Abismada, a velha amizade suspirou e deu uma pausa na narrativa. Senti que estava incomodada. Voltou a me contar o que viu. Falou que no meio da galera manifestante tinha algo que não cheirava bem mesmo. Cartazes elogiando a repressão militar; pedindo a morte dos sobreviventes da ditadura militar; pedindo soberania popular e intervenção militar (!?); falando em acabar com o comunismo petista (!?!?) e muitas ameaças a quem vestisse vermelho. Um festival de sandices.

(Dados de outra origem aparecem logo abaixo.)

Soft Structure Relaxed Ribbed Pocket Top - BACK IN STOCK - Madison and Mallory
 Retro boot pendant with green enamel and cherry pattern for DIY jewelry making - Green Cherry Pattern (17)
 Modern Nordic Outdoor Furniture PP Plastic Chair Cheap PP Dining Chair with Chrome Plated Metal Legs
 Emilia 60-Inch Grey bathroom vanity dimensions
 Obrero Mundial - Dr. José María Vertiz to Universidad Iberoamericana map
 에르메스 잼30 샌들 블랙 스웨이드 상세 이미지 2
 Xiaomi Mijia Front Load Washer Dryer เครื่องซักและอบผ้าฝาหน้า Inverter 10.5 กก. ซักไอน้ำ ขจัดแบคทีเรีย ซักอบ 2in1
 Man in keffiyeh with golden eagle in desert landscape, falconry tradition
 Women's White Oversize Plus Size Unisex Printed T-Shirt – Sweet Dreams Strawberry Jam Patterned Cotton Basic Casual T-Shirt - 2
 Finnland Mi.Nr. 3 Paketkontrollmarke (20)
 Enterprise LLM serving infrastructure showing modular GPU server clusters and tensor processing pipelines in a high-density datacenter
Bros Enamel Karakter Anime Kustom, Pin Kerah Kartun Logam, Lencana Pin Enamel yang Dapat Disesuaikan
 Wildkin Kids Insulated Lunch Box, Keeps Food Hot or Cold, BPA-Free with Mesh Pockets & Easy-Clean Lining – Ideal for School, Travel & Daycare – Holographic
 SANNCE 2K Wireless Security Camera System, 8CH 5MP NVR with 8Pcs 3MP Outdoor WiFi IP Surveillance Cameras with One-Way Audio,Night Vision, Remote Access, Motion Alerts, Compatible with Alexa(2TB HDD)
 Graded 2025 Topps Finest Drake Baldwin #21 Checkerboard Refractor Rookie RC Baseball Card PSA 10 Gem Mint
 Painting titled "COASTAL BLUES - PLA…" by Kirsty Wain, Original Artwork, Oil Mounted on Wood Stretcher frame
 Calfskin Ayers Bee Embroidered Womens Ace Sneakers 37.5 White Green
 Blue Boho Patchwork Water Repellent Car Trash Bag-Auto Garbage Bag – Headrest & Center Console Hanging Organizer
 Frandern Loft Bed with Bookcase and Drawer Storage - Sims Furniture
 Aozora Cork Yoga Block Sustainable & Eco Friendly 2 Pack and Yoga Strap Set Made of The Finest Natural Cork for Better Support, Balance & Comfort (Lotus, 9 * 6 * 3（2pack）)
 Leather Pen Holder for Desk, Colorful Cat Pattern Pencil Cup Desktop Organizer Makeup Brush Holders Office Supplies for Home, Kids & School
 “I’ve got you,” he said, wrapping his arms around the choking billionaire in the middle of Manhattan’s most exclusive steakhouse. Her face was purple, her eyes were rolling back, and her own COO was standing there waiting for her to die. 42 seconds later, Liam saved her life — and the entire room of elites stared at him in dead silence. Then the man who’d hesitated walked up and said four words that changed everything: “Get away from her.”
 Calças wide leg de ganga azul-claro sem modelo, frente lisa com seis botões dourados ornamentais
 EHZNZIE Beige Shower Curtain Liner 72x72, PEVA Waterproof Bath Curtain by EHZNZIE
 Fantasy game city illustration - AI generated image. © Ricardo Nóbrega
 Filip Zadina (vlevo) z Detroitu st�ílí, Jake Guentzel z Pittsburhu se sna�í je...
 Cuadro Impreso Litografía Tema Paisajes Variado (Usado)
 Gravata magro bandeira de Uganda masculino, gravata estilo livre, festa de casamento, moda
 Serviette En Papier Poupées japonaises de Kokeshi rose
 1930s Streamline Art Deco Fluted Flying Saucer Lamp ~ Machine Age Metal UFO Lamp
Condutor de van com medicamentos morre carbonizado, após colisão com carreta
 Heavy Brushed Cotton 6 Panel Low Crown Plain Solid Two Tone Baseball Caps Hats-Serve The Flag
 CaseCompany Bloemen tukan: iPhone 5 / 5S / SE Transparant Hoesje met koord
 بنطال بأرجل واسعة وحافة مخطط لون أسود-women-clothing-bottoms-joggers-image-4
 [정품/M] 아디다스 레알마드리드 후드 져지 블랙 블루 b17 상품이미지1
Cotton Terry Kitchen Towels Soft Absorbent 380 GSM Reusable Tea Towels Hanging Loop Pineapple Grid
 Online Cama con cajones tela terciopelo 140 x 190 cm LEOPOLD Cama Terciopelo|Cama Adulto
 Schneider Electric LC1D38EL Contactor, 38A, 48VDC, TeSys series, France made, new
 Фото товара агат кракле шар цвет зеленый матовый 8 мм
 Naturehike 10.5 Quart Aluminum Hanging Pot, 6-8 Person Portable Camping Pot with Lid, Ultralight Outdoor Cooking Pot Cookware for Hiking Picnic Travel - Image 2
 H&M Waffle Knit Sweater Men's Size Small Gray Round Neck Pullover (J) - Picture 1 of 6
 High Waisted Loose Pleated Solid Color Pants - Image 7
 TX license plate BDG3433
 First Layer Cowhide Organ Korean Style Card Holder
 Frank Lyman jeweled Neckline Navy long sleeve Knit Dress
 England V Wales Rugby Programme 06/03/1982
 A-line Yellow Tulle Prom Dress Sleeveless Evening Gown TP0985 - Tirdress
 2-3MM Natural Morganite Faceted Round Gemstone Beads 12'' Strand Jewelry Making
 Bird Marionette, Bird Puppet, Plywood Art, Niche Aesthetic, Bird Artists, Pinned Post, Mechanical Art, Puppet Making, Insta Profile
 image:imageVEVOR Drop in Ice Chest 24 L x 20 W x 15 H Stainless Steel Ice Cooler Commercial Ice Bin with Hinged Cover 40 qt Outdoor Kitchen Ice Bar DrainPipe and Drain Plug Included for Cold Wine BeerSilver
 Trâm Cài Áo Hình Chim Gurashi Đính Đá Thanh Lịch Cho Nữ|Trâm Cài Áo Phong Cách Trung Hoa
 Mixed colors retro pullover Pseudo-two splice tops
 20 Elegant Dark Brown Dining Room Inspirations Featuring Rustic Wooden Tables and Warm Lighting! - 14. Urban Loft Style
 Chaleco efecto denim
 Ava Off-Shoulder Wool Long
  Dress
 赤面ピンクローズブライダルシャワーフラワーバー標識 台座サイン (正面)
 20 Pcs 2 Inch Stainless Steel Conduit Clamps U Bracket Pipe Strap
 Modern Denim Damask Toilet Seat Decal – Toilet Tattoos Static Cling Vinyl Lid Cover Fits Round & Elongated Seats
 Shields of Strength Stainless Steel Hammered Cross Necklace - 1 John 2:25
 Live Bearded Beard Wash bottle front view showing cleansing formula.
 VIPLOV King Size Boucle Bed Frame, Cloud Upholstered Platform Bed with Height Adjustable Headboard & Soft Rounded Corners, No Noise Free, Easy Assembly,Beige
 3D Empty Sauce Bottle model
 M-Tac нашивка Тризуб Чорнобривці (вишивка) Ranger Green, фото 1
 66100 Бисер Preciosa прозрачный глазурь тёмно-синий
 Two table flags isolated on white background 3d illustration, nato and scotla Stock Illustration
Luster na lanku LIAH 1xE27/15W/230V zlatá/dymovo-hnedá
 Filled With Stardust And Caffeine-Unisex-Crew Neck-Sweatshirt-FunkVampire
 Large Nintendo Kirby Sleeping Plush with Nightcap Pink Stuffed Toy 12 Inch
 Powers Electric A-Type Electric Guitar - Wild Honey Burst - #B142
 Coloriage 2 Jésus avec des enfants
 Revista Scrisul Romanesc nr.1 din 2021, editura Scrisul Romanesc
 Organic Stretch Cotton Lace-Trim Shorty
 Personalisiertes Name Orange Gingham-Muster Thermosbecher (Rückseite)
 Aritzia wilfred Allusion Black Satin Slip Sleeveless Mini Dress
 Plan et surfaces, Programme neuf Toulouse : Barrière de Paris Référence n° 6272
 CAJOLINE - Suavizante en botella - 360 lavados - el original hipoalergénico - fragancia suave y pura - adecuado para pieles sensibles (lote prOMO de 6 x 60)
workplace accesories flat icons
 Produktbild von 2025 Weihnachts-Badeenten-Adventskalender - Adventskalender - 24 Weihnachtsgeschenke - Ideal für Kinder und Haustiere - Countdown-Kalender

Perguntei se aquilo era uma exceção entre os protestantes. Disse-me que era minoria, mas não exceção. Disse-me ainda que, mobilizada por carros de som instigando a violência e o ódio, a massa aderia com facilidade. A velha amizade me disse que sentia a necessidade de criticar o Executivo, mas também parte do Legislativo, do Judiciário e muitos outros desmandos. Porém, sua crítica era plural e construtiva, sem pedir a cabeça de alguém e focar num único partido. Contou-me que ali seu protesto não tinha lugar.
Tudo previsível. Eu, no meu domingo de silêncio, assim permaneci. Tenho saudades da velha amizade que resolveu se comunicar durante a minha quietude. Houve tempos em que as suas características atraíam muita gente. Lembro que, em silêncio, a velha amizade ouvia todos nós elogiarmos o seu bom senso, a sua constante busca pela razão, pela informação e pelo conhecimento. A sua sensatez.
Fácil notar porque a velha amizade tem aparecido pouco. Hoje a maré não está para o seu peixe. Nessa onda de irracionalismo, ódio e ignorância são combustíveis perigosos. Em silêncio, pensei que, no mínimo, passou da hora de recolocar na vida pública os valores que pautam aquela velha amizade. Porque né, tá foda.